Meat Loaf (Marvin Lee Aday, left), me and Bat Out of Hell stage star Andrew Polec in London in 2016 proving once again that two out of three ain’t bad

Who doesn’t love Meat Loaf?

I met the Grammy Award-winning singer — a.k.a. Michael Lee Aday — in 2016 in London.

The burly rock star with the booming voice was there to promote the premiere of a West End musical based on his 1977 rock anthem album Bat Out of Hell — one of the best-selling records of all time.

He was 69 at the time and although still a big personality a series of health setbacks had reduced his once wildly electric stage presence. As Mark Beaumont of The Independent aptly describes him, Meat Loaf at his peak was “a force of nature, a walking wind tunnel of a man, rock’s Brian Blessed in a Byron shirt, turned up to 11.”

The Dallas, Texas, rocker died Thursday. He was 74. One source suggests the singer had recently become serious ill with COVID 19.

Aday died a little over a year after Jim Steinman — the writer of all that catchy Bat Out of Hell music — died at 73.

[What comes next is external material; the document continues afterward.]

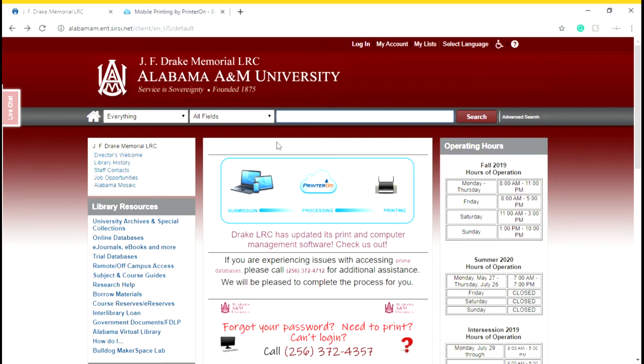If you have any further questions, feel free to contact the AAMU Writing Center, The Right Place, or the JF Drake Memorial LRC. Thank you.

When I interviewed him in 2016, he told me that his wife Deborah was from Edmonton. They married in 2007. (Two children had been raised from an earlier marriage.)

Did he meet Deborah in Canada, I asked.

“Nope — Barbados,” he replied. Meat Loaf told me that he had worked all over Canada, shooting movies from Halifax to Vancouver.

At the time I met him he was carrying a cane and while happy to promote the musical he was not involved as a singer or a performer. He left all that to Buffalo, New York native Andrew Polec, who headlined the London stage troupe. Polec also starred later in the version of “Bat Out of Hell: The Musical” that played Toronto in late 2017-2018. Former Bell Media president Randy Lennox was among the producers.

Aday re-teamed on the stage project with on-again, off-again musical partner Jim Steinman. There had been fights and lawsuits since their late-‘70s collaboration broke big, but there had also been two more bestselling “Bat Out of Hell” musical spin-offs. Aday told me that the two had just collaborated on a brand new album, Braver Than We Are.

“As personalities we’re night and day,” he said.  “Artistically. we’re one. For some reason, the universe put us together.”

Prior to his Bat Out of Hell success, Aday was cast in the original LA stage production of “The Rocky Horror Show.” He made an indelible impression as motorcyclist Eddie in the 1975 “Picture Show” movie version of Rocky Horror.

Among his early TV connections was singing the horny teen anthem “Paradise by the Dashboard Light” with Ellen Foley, who co-starred on the second season of NBC’s Night Court. He was also a musical guest — twice — on Saturday Night Live (1978, 1981).

Aday kept making film and TV appearances. He played “Tiny” in “Wayne’s World” (1992). He’s in David Fincher’s 1999 feature “Fight Club” and can be heard in the “Chef Aid” episode of South Park, where he claims to have started out as the artist “Couscous.” (Chef fixes him up with a plate of meat loaf — leading to his name change.) He appeared as Jack Black’s father in the 2006 movie “Tenacious D in the Pick of Destiny.”

Roles on House, Monk, Glee and Elementary followed. He even tangled with Gary Busey and got fired by Donald Trump on The Apprentice (2011).

Still vivid is the memory of seeing him in 2016 as part of a pop-up street performance outside the Coliseum on St. Martin’s Lane in London while promoting “Bat Out of Hell: The Musical.” A gigantic flatbed truck filled with amps, instruments and other concert gear provided the stage and a crowd wandering the West End theatre district provided the audience.

While the stage show cast performed three songs, most in the crowd came to see Meat Loaf. The crafty promoters had alerted a few local British Harley-Davidson clubs that he would be there. More than 60 bikers responded with their Harley’s polished and ready to roar. Aday came out to a loud hail from the Harleys — and a moment of Triumph.